• _EXERCISE_
Output exactly, and only, the lines below from the one with "A stem and leaf" down to the one with "Welcome to Channel". Include both end lines and no pictures.

• _RECORDS SHOWN_
== Segment start ==

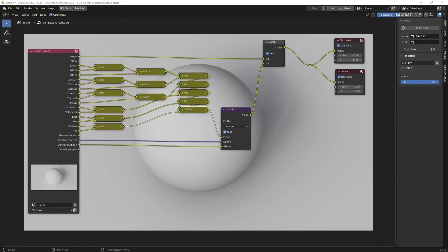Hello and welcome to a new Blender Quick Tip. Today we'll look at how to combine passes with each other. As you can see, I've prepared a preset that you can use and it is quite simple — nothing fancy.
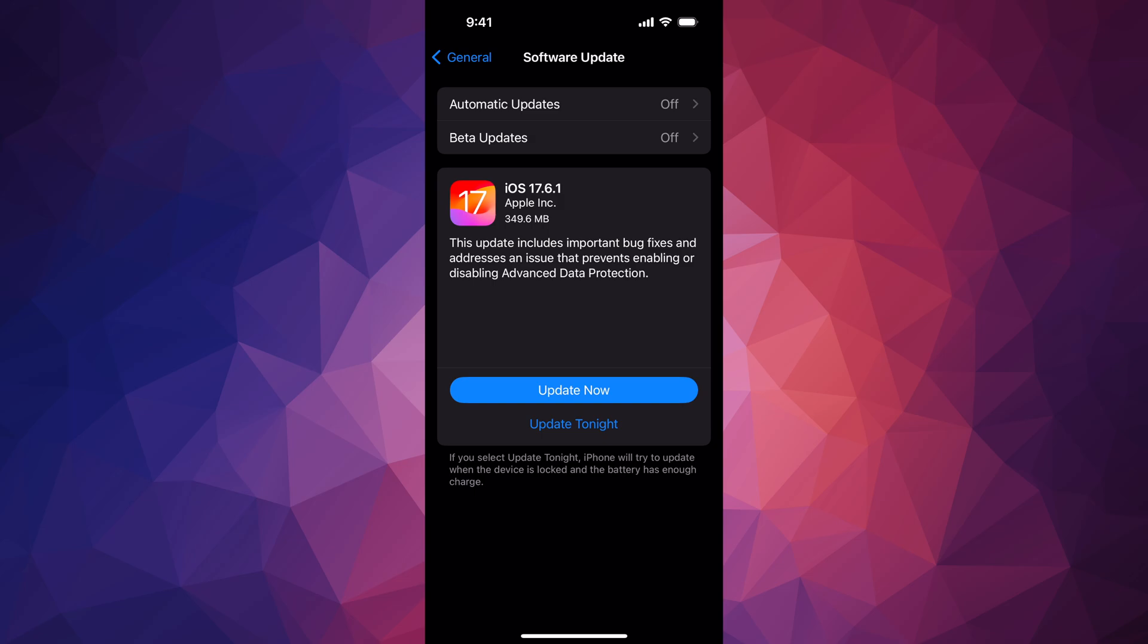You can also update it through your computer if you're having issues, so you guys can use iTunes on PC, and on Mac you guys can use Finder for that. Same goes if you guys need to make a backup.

== Segment end ==
== Segment start ==

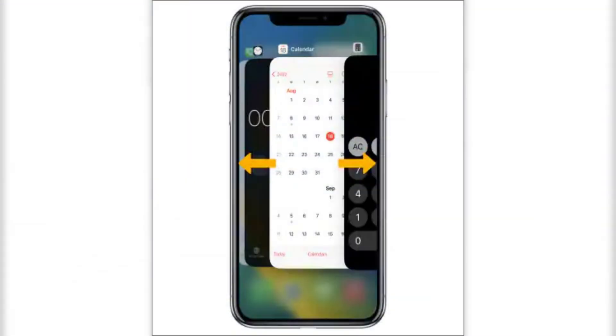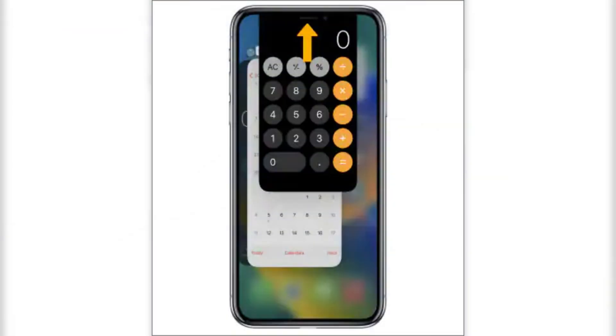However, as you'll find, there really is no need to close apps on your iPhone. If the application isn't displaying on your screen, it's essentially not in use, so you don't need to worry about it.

== Segment end ==
== Segment start ==

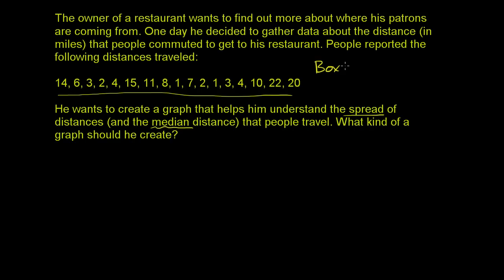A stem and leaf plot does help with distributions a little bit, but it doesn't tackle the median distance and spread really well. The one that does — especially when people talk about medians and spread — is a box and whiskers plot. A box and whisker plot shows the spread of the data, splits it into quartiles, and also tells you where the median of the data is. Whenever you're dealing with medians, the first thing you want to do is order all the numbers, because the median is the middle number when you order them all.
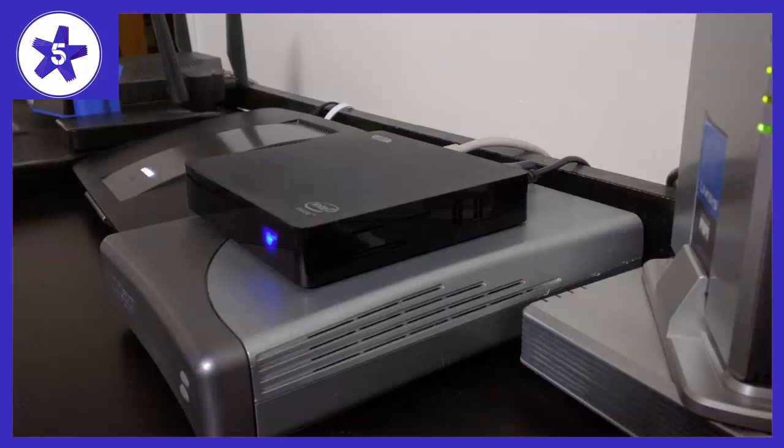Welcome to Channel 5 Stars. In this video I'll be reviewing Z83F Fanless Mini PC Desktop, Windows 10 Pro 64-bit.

== Segment end ==

• _EXERCISE ANSWER_
A stem and leaf plot does help with distributions a little bit, but it doesn't tackle the median distance and spread really well. The one that does — especially when people talk about medians and spread — is a box and whiskers plot. A box and whisker plot shows the spread of the data, splits it into quartiles, and also tells you where the median of the data is. Whenever you're dealing with medians, the first thing you want to do is order all the numbers, because the median is the middle number when you order them all.
Welcome to Channel 5 Stars. In this video I'll be reviewing Z83F Fanless Mini PC Desktop, Windows 10 Pro 64-bit.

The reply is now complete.